The federal Department of Transportation will close the Global Maritime and Transportation School (GMATS), the continuing education program at the U.S. Merchant Marine Academy, after 17 years. GMATS will be eliminated in July 2012, the DOT said.
The issue is that GMATS, like the officer's club, museum and some other facilities on campus, is run by off-campus groups and supported by fees and not the academy or federal budget. There are 14 of these "non-appropriated fund instrumentalities," or NAFIs, and two private foundations operating on campus, according to the Government Accountability Office. The GAO criticized the mixing of academy and outside funds in a 2009 report stating that the U.S. Maritime Administration (MarAd) and academy financial controls were lacking.
GMATS' volunteer board of directors was terminated immediately. Angry board members say they were blindsided by DOT while beginning the process of transferring the program to a new nonprofit corporation after MarAd had approved the idea. Now they are working with Congress to gain approval to keep the program afloat with a 501(c)(3) corporation.
GMATS, created to meet education and training needs of the transportation industry, the U.S. Navy Reserve and other federal agencies, employs 27 full-time employees, according to DOT.
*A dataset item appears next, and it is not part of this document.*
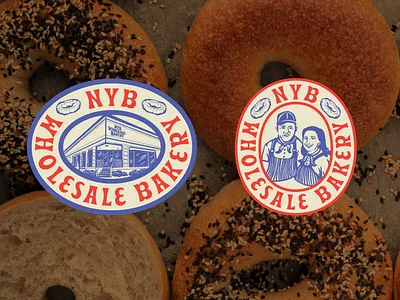 NYB Wholesale Bakery - Badges americana badge bagel baked goods brand branding breakfast building design dessert drawing graphic design illustration inking logo pastry portrait retro sketch vintage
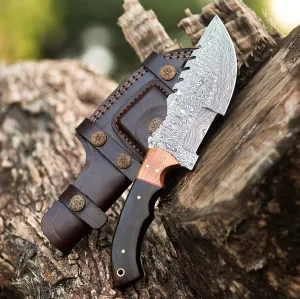 Handmade Damascus Tracker Knife 10'' Inches - Survival - Camping - Damascus Steel Knife - Hunting with Sheath Horizontal Carry Fixed Blade (BROWN)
The decision will make the federal academy the only maritime school in the country without a full continuing-education program.
"The U.S. Department of Transportation and the U.S. Merchant Marine Academy are committed to creating and serving a maritime transportation system that addresses 21st-century challenges," said MarAd spokeswoman Kim Riddle. "As part of this commitment and in response to recommendations from the GAO, the academy is taking steps to wind down the Global Maritime and Transportation School and determine its role in continuing education."
Riddle said a thorough evaluation of the industry's continuing education needs will be included in the academy's strategic planning process that began in January as part of the lead-up to its next accreditation evaluation in 2016. The academy will continue to offer an online master's degree in marine engineering.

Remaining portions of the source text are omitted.